I'm working on a non-fiction project called Bohemian Forgiveness: 5 Unconventional Paths to Forgiving What You'll Never Forget.
I have a literary agent. And submissions to publishing houses are underway. Meanwhile, a graphic designer is creating a collateral design to offer you a peak inside the manuscript.
copyright 2018. Ame B. Design
You may think like I once did, that your loved one needs an environment away from all the bad influences to make progress. But as family members, we're often blinded to the fact that by not setting boundaries we contribute to that negative influence.
On one side of the track is the physical momentum needed to fuel an addiction, (drugs). And on the other side is the emotional momentum needed to fuel the disease, (co-dependency). You are not responsible for his/her addiction. You are not responsible for his/her actions. However, you are responsible for your re-actions.
Think of a baseball game. The pitcher can throw balls all day, but there can't be a game without a batter. A similar dynamic occurs in drug addiction and co-dependency. Your role is to stop swinging at the ball that leads to destruction and despair for you and any children you may have.
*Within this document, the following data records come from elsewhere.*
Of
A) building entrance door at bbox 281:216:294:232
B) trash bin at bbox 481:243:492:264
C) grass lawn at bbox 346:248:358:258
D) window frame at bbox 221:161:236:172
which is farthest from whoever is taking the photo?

There is no guarantee that your loved one will get clean and sober, but you can stop the insanity of doing the same things over and over and expecting different results.
Today I am providing you with a list of boundaries that will keep a bad situation from getting worse. I encourage you to print it out and circle the ones that you desperately need to consider practicing. And then find someone who will support you as you implement your boundaries.
- Never give or loan money to an alcohol or drug addicted person.
- Never leave him/her alone with anything valuable enough to pawn, leading us back to number one: Never give money to an alcohol or drug addicted person.
- Never allow him/her to detox in your home.
- Never loan him/her your car, a key to your house, or co-sign for a loan of any kind.
- Never blame yourself for the natural consequences that accompany the choices he/she made while addicted. Stop bailing him/her out. It only leads to enabling, and neither of you learn or change.
- Never live with an alcoholic or addict who has zero responsibilities and zero accountability. Never live with an alcoholic or addict who has zero responsibilities and zero accountability. (It's worth repeating).
- Never attempt control with empty threats. Say what you mean and mean what you say.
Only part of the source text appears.